What do you think has been your biggest accomplishment in your career so far?

Well, I suppose I should list my 2005 Guggenheim Fellowship Award, or the 2010 MacDowell Fellowship Award I just received. Although these are aspects of my career that I am immensely humbled by and also proud of, my biggest accomplishment isn’t tied to an award or a prize of sorts.

I think my biggest accomplishment thus far has been to redirect my creativity so that I feel I am an author of my work’s future in the midst of the system that makes art “work,” which is the art world.

Sometimes, navigating this course has allowed me to receive awards. Although that is nice, overall, I am most happy that I can walk into my studio today and be excited for my sculpture’s future. I am not sure what my future sculptures at will look like, but I am sure I will work my hardest to make it so. I am committed unconditionally to it, and that is my biggest accomplishment for sure.

What is your latest project that you are working on right now?

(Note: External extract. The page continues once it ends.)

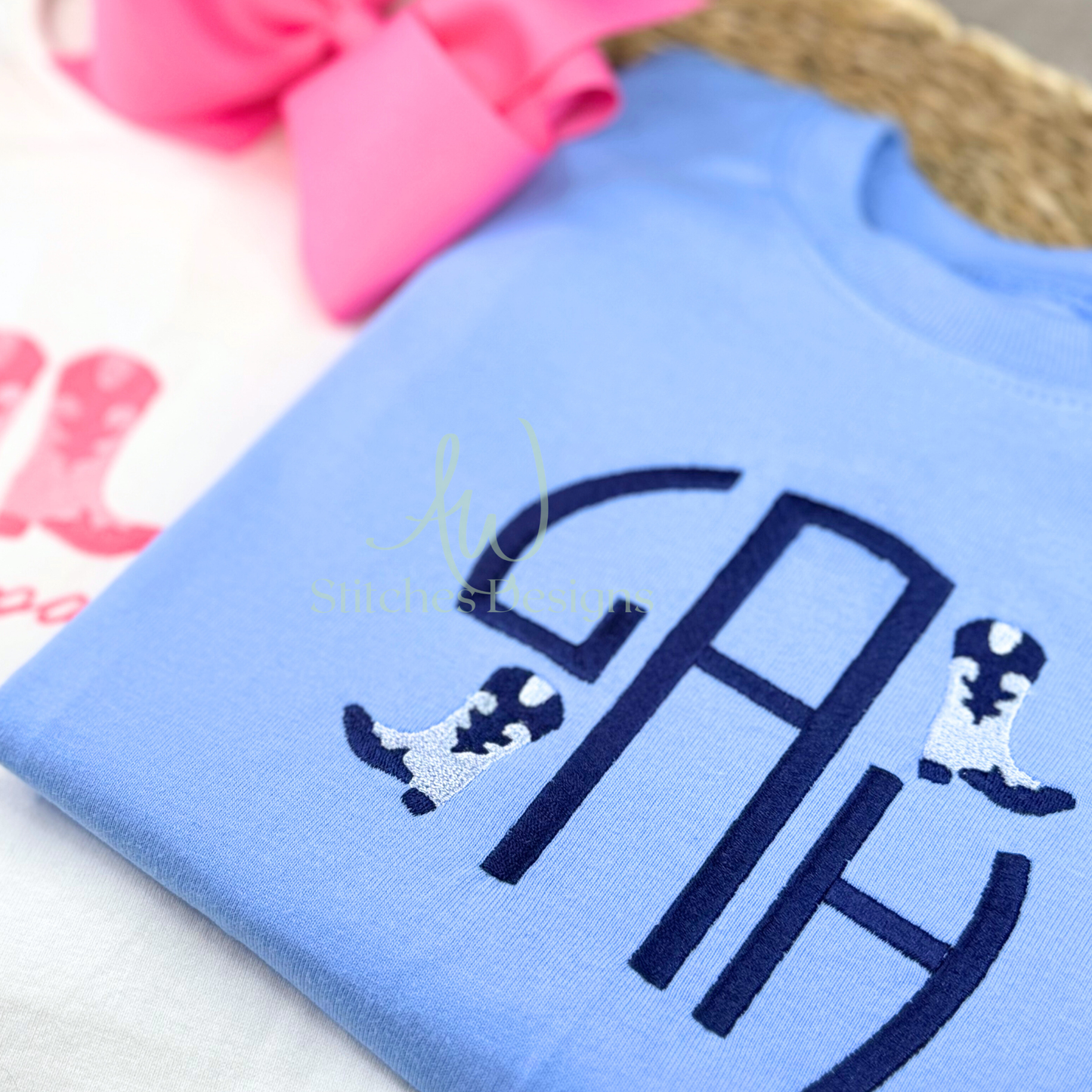 Light blue shirt with navy monogram and dog illustrations on a white surface.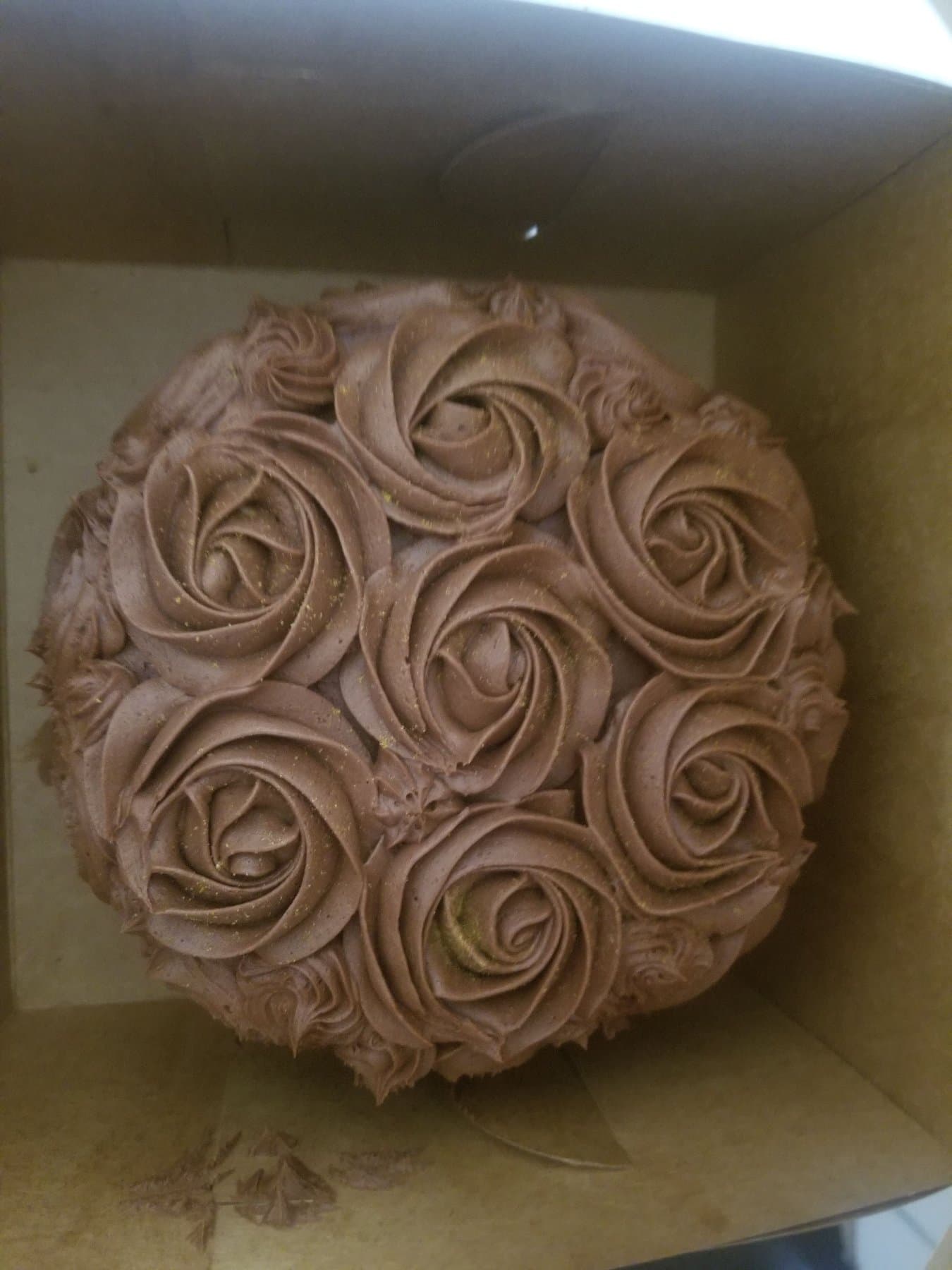 Chocolate rosette cake with full buttercream swirl coverage by Jamie Cakes.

In February, I will be going to MacDowell Colony in Peterborough, New Hampshire to work on a series of large helium balloons called “Seven.” Each balloon is more than seven feel tall and is jointed like an abstracted figure. Painted on one side of the silver Mylar balloon will be a triad representing one virtue, one vice, and one dwarf (from Snow White and the Seven Dwarfs). My goal is to have all seven figures floating in space, where their reflective backsides will reveal aspects of each other.

Helium expands with heat, and as such, when the helium wants to leak out of the Mylar, the balloons will try to reach towards the closest heat source in the room, which will be the exhibition lights. Eventually, the forms will slowly fall to the floor, turning the figures into abstracted folds into the ground. This will literally speak about their progression from one state to another. Metaphorically, it will talk about going from life to death.